Just an FYI: Between the KASSERT and the prior if we have: . . . && prev_object->size == next_pindex && . . . so the KASSERT is effectively checking next_pindex > 0 as things are here.

kib marked an inline comment as done.

Drop KASSERT() checking the layout in vm_object_coalesce(). It really outlived its usefulness.

Can you elaborate on what you saw when debugging this problem? In particular, whether the map entries had OBJ_ONEMAPPING set? In principle, the ref_count and size shouldn't be a concern if the object has OBJ_ONEMAPPING set. For example, suppose there is an anonymous mapping (with OBJ_ONEMAPPING set) for the range [A, D). Further, suppose we punch a hole in the middle of that mapping, by calling munmap() on the range [B, C) where A < B < C < D. Now, we have two mappings, [A, B) and [C, D), that both reference the original object, and that object should still have OBJ_ONEMAPPING set. Because OBJ_ONEMAPPING is set, the munmap() should have freed any physical pages and swap space from the object that fell within the range [B, C). So, if a new anonymous mapping is created starting at either B or D, we should be able to safely coalesce it.

In D53891#1231399, @alc wrote:

Can you elaborate on what you saw when debugging this problem? In particular, whether the map entries had OBJ_ONEMAPPING set? In principle, the ref_count and size shouldn't be a concern if the object has OBJ_ONEMAPPING set. For example, suppose there is an anonymous mapping (with OBJ_ONEMAPPING set) for the range [A, D). Further, suppose we punch a hole in the middle of that mapping, by calling munmap() on the range [B, C) where A < B < C < D. Now, we have two mappings, [A, B) and [C, D), that both reference the original object, and that object should still have OBJ_ONEMAPPING set. Because OBJ_ONEMAPPING is set, the munmap() should have freed any physical pages and swap space from the object that fell within the range [B, C). So, if a new anonymous mapping is created starting at either B or D, we should be able to safely coalesce it.

I did not have access to the object state there (all debugging was done remotely).

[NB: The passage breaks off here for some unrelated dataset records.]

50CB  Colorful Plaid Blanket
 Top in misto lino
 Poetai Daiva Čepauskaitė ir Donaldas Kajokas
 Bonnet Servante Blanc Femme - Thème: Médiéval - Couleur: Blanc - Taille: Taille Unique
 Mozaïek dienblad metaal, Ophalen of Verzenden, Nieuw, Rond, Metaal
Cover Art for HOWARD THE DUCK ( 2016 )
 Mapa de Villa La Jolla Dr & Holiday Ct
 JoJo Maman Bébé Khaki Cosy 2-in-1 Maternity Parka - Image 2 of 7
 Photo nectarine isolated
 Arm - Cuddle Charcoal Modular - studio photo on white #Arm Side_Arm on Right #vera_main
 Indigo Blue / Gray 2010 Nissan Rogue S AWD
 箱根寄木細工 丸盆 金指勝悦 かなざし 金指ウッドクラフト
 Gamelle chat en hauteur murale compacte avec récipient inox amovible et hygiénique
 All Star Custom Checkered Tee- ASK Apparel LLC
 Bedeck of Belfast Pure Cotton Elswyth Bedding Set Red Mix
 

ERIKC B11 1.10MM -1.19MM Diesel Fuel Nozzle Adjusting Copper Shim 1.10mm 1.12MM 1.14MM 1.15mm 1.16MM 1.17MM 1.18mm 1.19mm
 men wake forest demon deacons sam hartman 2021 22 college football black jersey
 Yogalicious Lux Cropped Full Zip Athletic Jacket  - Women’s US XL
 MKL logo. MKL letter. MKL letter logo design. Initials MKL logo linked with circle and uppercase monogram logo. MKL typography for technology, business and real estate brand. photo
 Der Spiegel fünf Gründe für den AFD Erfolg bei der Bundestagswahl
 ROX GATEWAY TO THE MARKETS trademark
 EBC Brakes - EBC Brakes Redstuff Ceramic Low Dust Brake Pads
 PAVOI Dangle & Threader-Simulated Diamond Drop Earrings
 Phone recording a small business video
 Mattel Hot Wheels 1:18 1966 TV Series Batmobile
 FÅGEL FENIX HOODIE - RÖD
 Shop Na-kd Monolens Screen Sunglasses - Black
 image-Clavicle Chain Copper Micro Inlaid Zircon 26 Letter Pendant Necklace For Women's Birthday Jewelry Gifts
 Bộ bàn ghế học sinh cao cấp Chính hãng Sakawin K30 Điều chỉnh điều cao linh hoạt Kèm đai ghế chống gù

The situation you described is one of the cases that concerned me. I am not sure that we have a guarantee that doing the coalesce on the object with OBJ_ONEMAPPING flag but ref_count > 1 would not corrupt some other mapping. We need to do vm_object_page_remove(), and in principle that could remove pages which belong to other fragment.